Task brief: Two lines below mark the span: the one containing "Used Vauxhall Mokka" and the one containing "Photo of 2025 Black Metallic Ford F-150". Set down both, plus every line between, exactly as they stand, and nothing else.

Data to process:
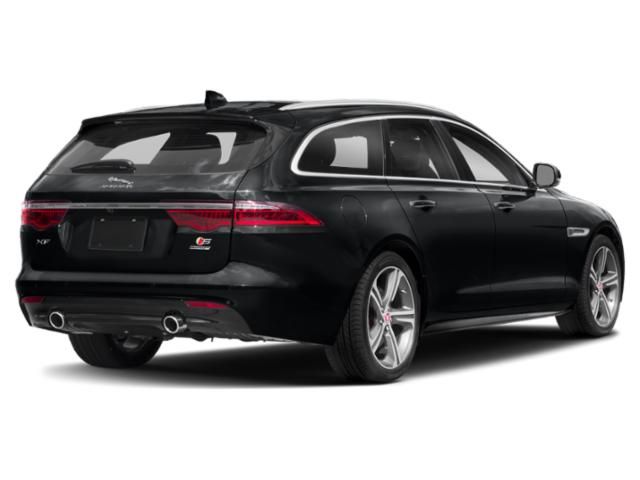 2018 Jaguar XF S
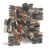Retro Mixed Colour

---

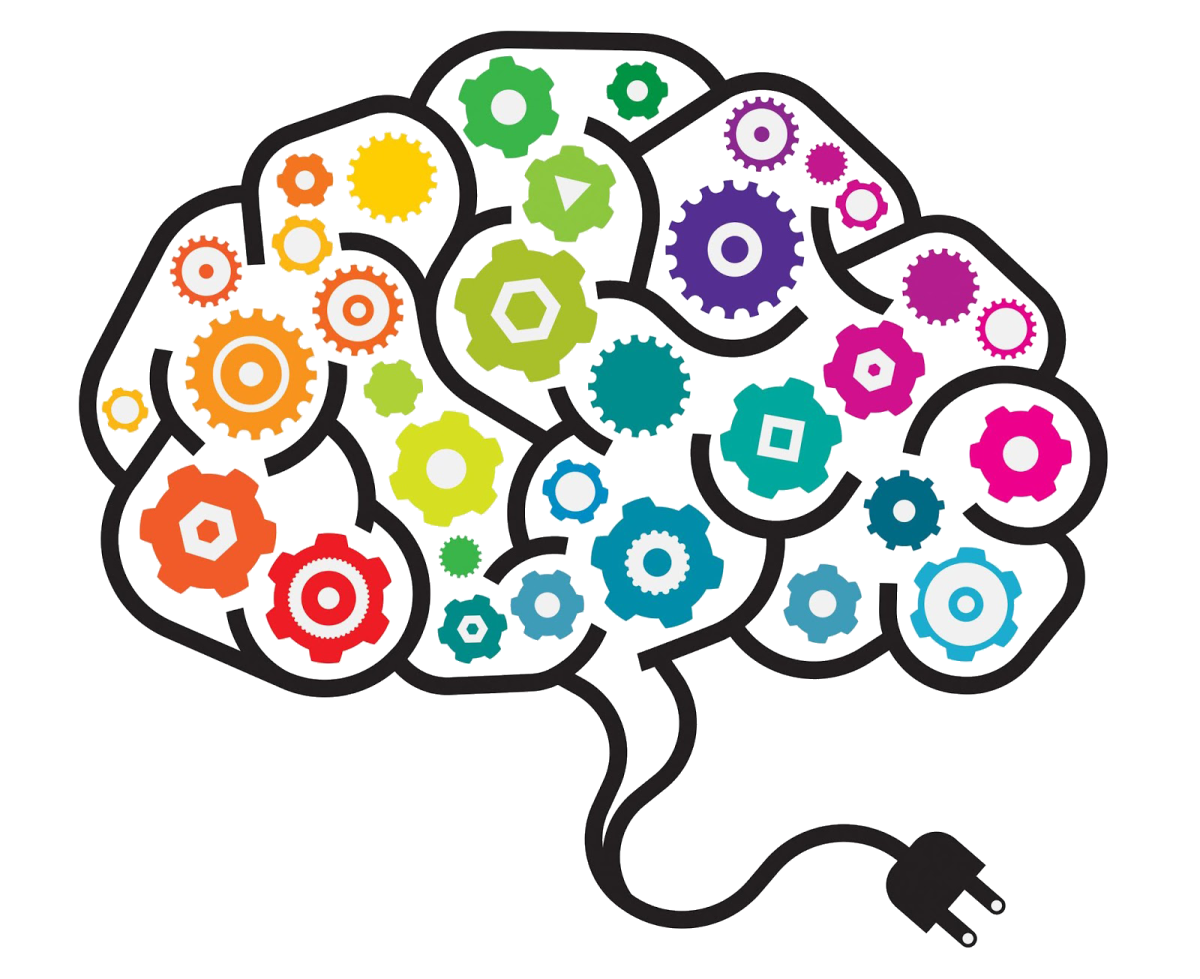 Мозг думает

...

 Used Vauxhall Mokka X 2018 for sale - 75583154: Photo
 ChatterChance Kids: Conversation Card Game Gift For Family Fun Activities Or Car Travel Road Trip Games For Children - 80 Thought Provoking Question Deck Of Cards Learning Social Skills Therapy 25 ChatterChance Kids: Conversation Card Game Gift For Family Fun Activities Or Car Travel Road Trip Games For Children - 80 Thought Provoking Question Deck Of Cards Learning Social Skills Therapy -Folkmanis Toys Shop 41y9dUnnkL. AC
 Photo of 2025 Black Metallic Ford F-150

Result for this exercise:
 Used Vauxhall Mokka X 2018 for sale - 75583154: Photo
 ChatterChance Kids: Conversation Card Game Gift For Family Fun Activities Or Car Travel Road Trip Games For Children - 80 Thought Provoking Question Deck Of Cards Learning Social Skills Therapy 25 ChatterChance Kids: Conversation Card Game Gift For Family Fun Activities Or Car Travel Road Trip Games For Children - 80 Thought Provoking Question Deck Of Cards Learning Social Skills Therapy -Folkmanis Toys Shop 41y9dUnnkL. AC
 Photo of 2025 Black Metallic Ford F-150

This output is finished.